Published in: Dagstuhl Reports, Volume 4, Issue 7 (2014)


Abstract
The feature-interaction problem is a major threat to modularity and impairs compositional development and reasoning. A feature interaction occurs when the behavior of one feature is affected by the presence of another feature; often it cannot be deduced easily from the behaviors of the individual features involved. The feature-interaction problem became a crisis in the telecommunications industry in the late 1980s, and researchers responded with formalisms that enable automatic detection of feature interactions, architectures that avoid classes of interactions, and techniques for resolving interactions at run-time. While this pioneering work was foundational and very successful, it is limited in the sense that it is based on assumptions that hold only for telecommunication systems.
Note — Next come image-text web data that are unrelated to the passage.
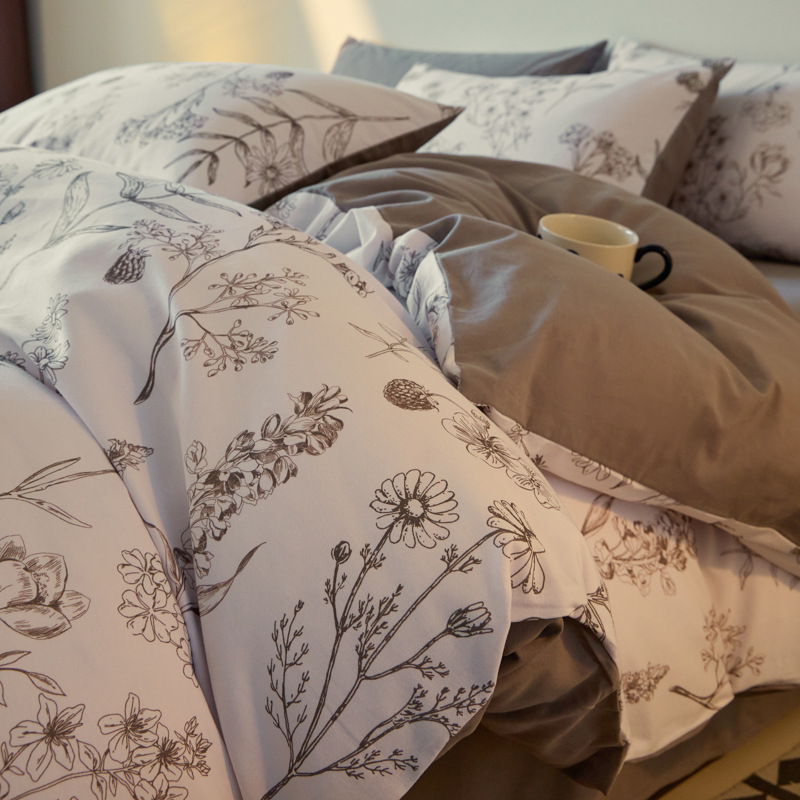 Alta gama A algodón abrasivo de cuatro piezas de invierno engrosado sábanas de cama de algodón de lana larga cálida 60s de cuatro piezas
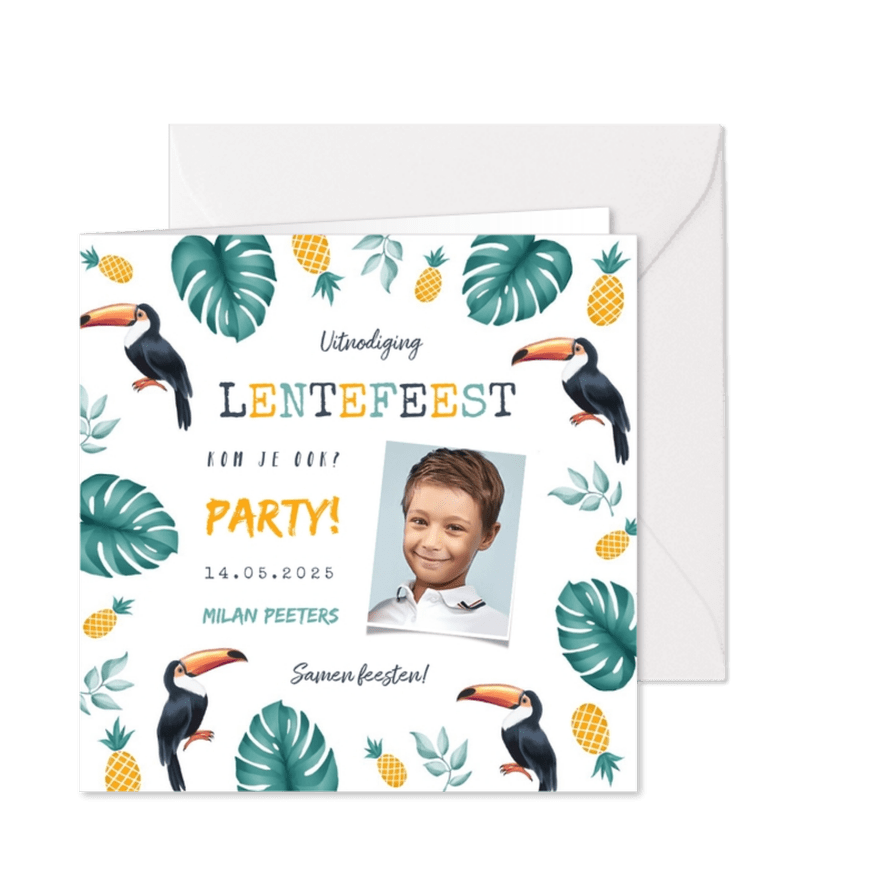 Uitnodiging lentefeest jongen tropical ananas toekan - Kaartimpressie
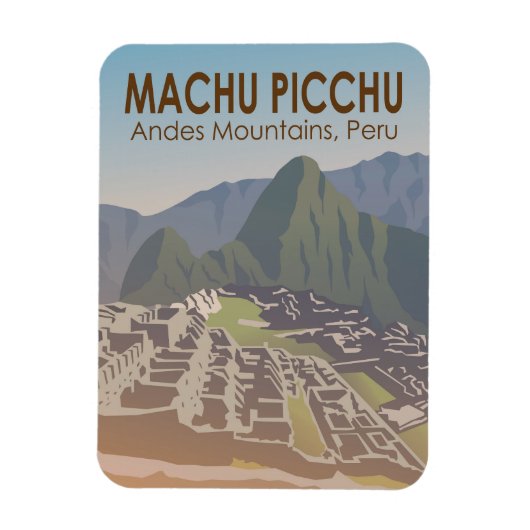Machu Picchu Peru Travel Art  Magneet (Verticaal)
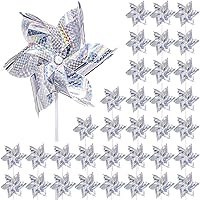 Qualirey 36-Pack Silver Reflective Pinwheels Bird Deterrent - Sparkly Wind Spinners for Garden Yard Farm Scare Birds & Decor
In the meantime, different notions of feature interactions have emerged in different communities, including Internet applications, service systems, adaptive systems, automotive systems, software product lines, requirements engineering, and computational biology. So, feature interactions are a much more general concept than investigated in the past in the context of telecommunication systems, but a classification, comparison, and generalization of the multitude of different views is missing. The feature-interaction problem is still of pivotal importance in various industrial applications, and the Dagstuhl seminar "Feature Interactions: The Next Generation" gathered researchers and practitioners from different areas of computer science and other disciplines with the goal to compare, discuss, and consolidate their views, experience, and domain-specific solutions to the feature-interaction problem.

Cite as

Sven Apel, Joanne M. Atlee, Luciano Baresi, and Pamela Zave. Feature Interactions: The Next Generation (Dagstuhl Seminar 14281). In Dagstuhl Reports, Volume 4, Issue 7, pp. 1-24, Schloss Dagstuhl – Leibniz-Zentrum für Informatik (2014)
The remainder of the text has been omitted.